Monday, June 4, 2012
Astronomy Tea Talk
Observations of Terrestrial Planet Formation
Carl Melis, UCSD
We are conducting a survey to identify stars that are orbited by copious amounts of warm dust at terrestrial planet-like separations. We argue that these dusty systems are the result of recent giant impacts between rocky planetary embryos or planets orbiting in the stars' terrestrial planet-zone and hence are a tell-tale sign of the final stages of terrestrial planet formation. Some systems identified in our search challenge our understanding of the rocky planet formation process, including two stars that could potentially host carbon-dominated rocky planets, a star whose intense terrestrial planet-zone disk emission disappeared on a few year timescale, and a star that hosts sufficient terrestrial planet zone dust to intercept 17% of the incoming stellar light.
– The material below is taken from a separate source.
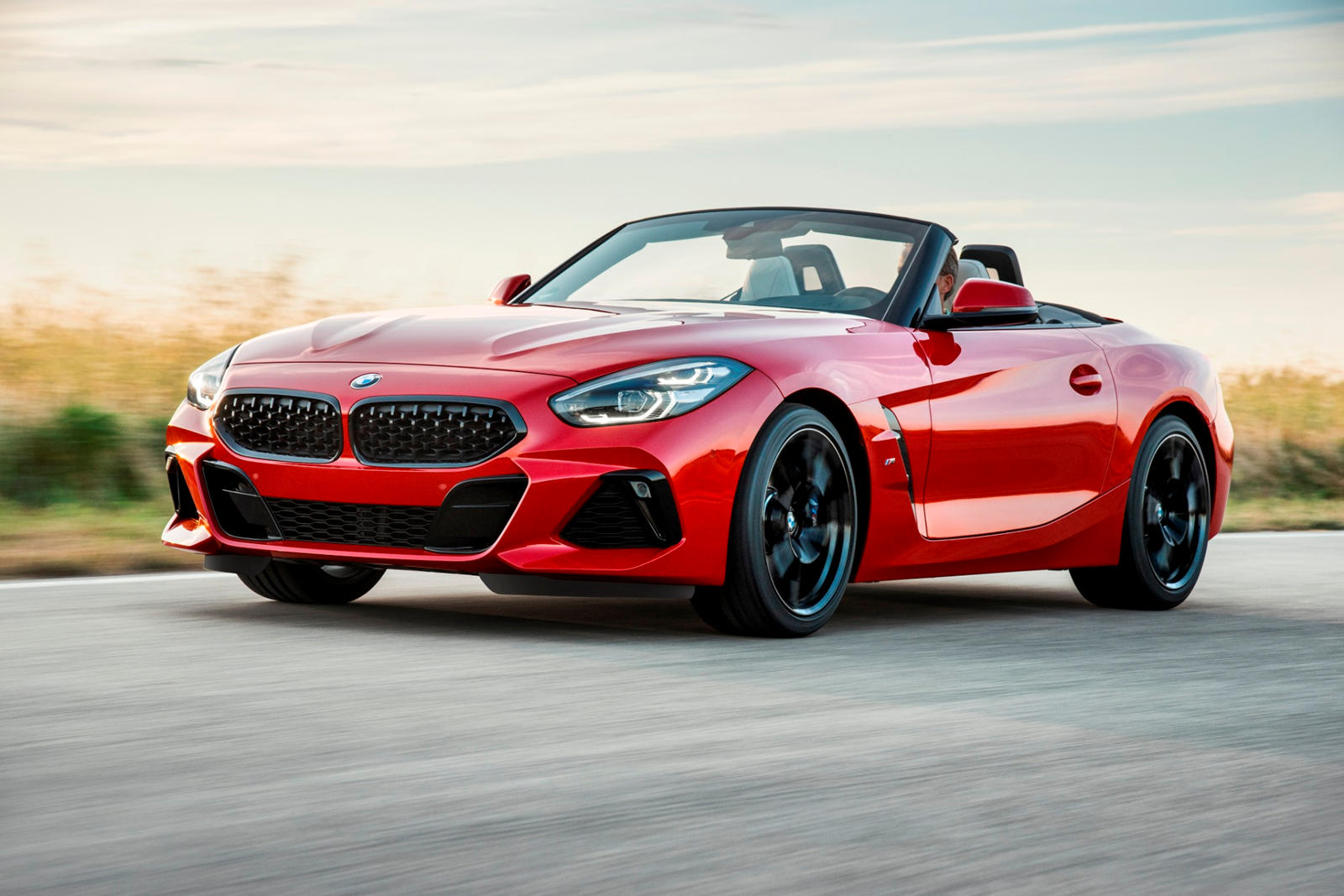 2023 BMW Z4 Roadster Review, Pricing, New Z4 Roadster Convertible Models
Synthesis of all stars with evidence for terrestrial planet-zone dust allows us to identify the age range during which terrestrial planets undergo final mass accretion through giant impacts. For stars of roughly Solar mass, we find this age range to be between 30 and 100 Myr while for stars a few times the mass of the Sun we find this age range to be between 10 and 20 Myr. For both groups we find that terrestrial planets are likely common (roughly one terrestrial planet for every star).